§ **Information supplied**
++++++++

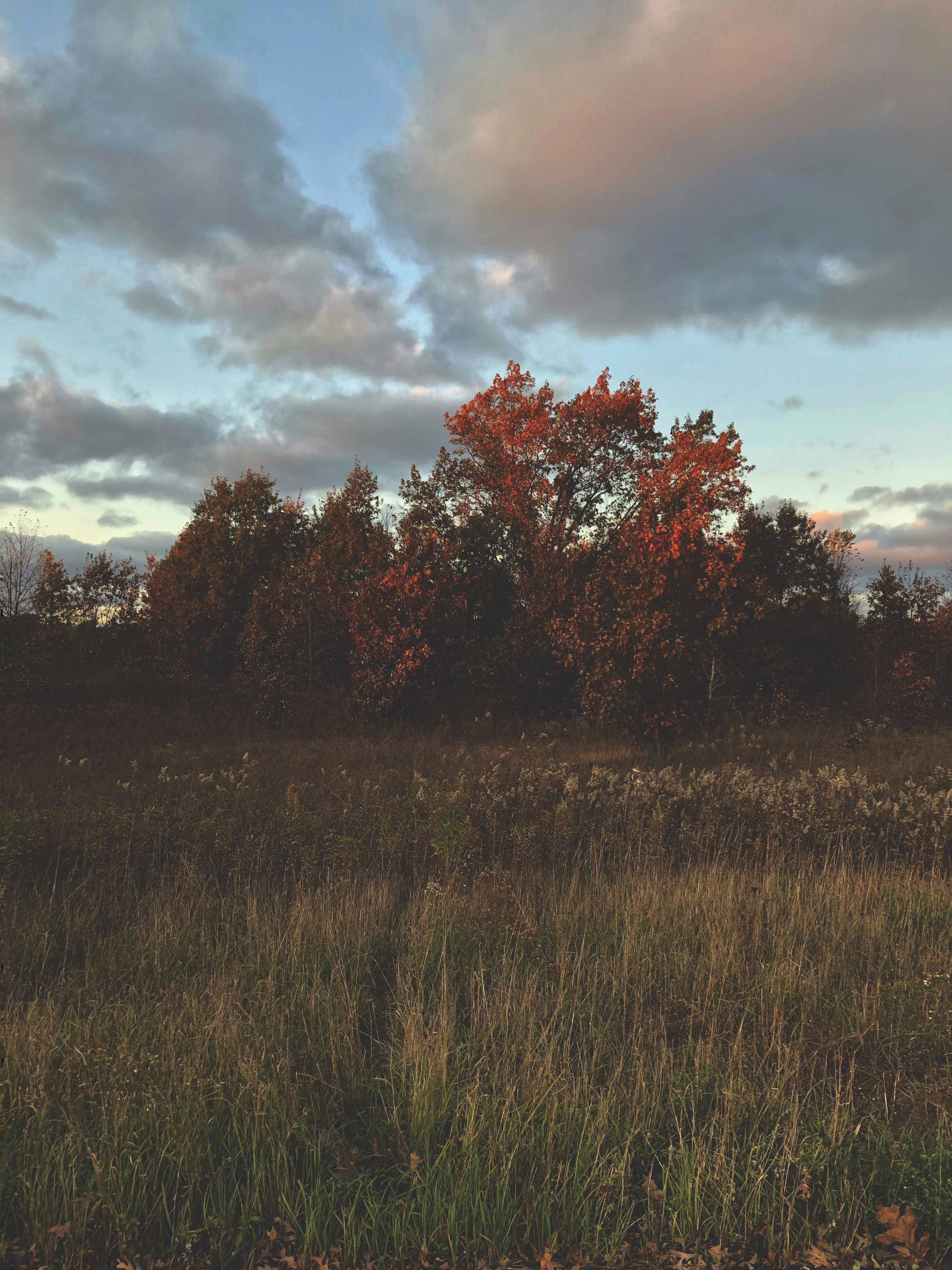 Photo by nicholas_szewczyk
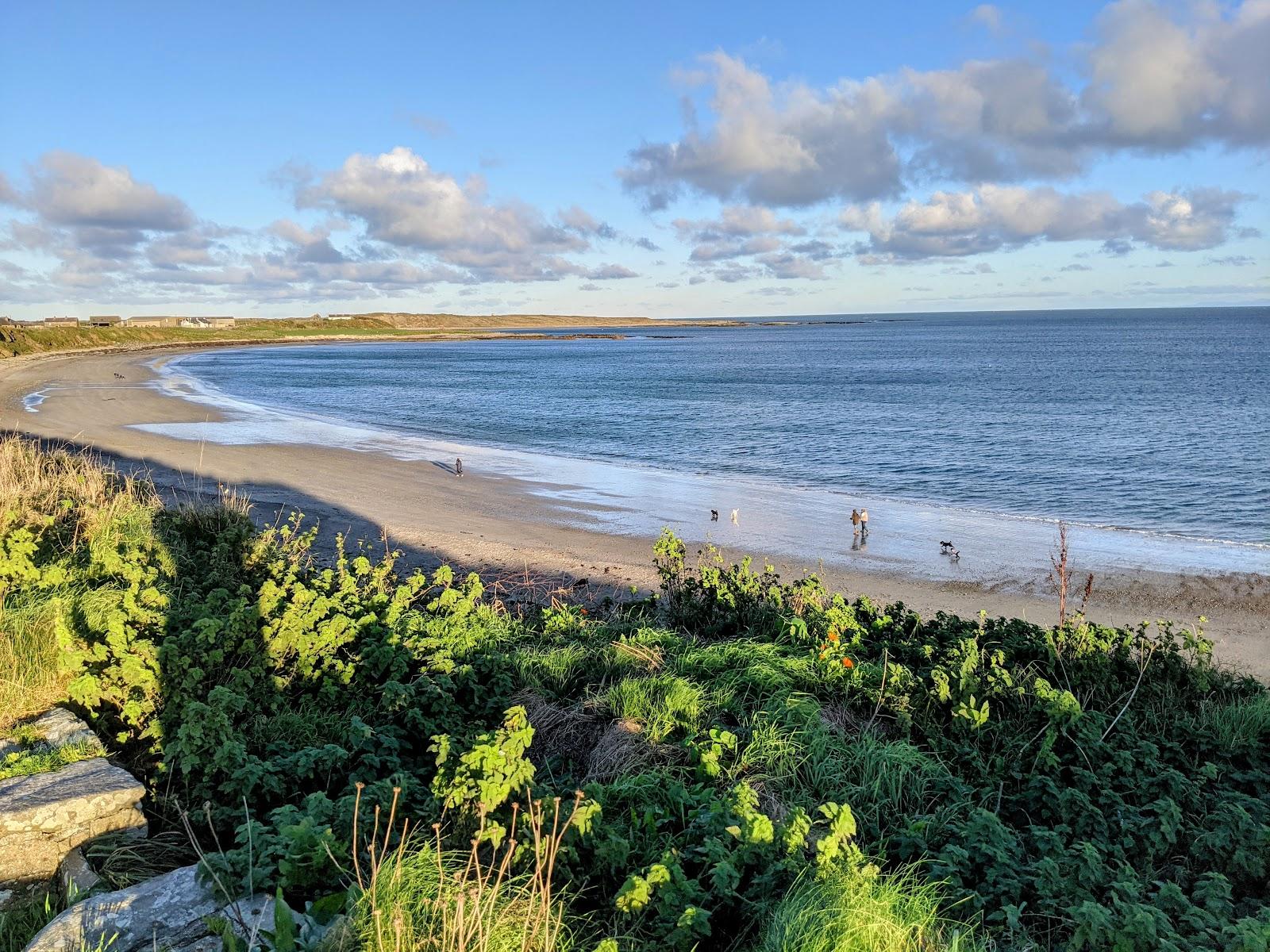 Sandee Ballyhornan Bay Beach
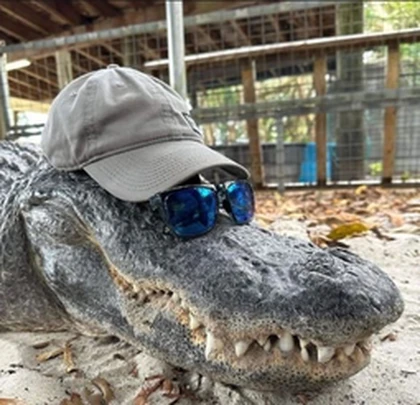 Aligators Games Roblox group icon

++++++++

§ **Task description**
What is needed is an exact copy of the data, with the pictures removed.

§ **Written response**
 Photo by nicholas_szewczyk
 Sandee Ballyhornan Bay Beach
 Aligators Games Roblox group icon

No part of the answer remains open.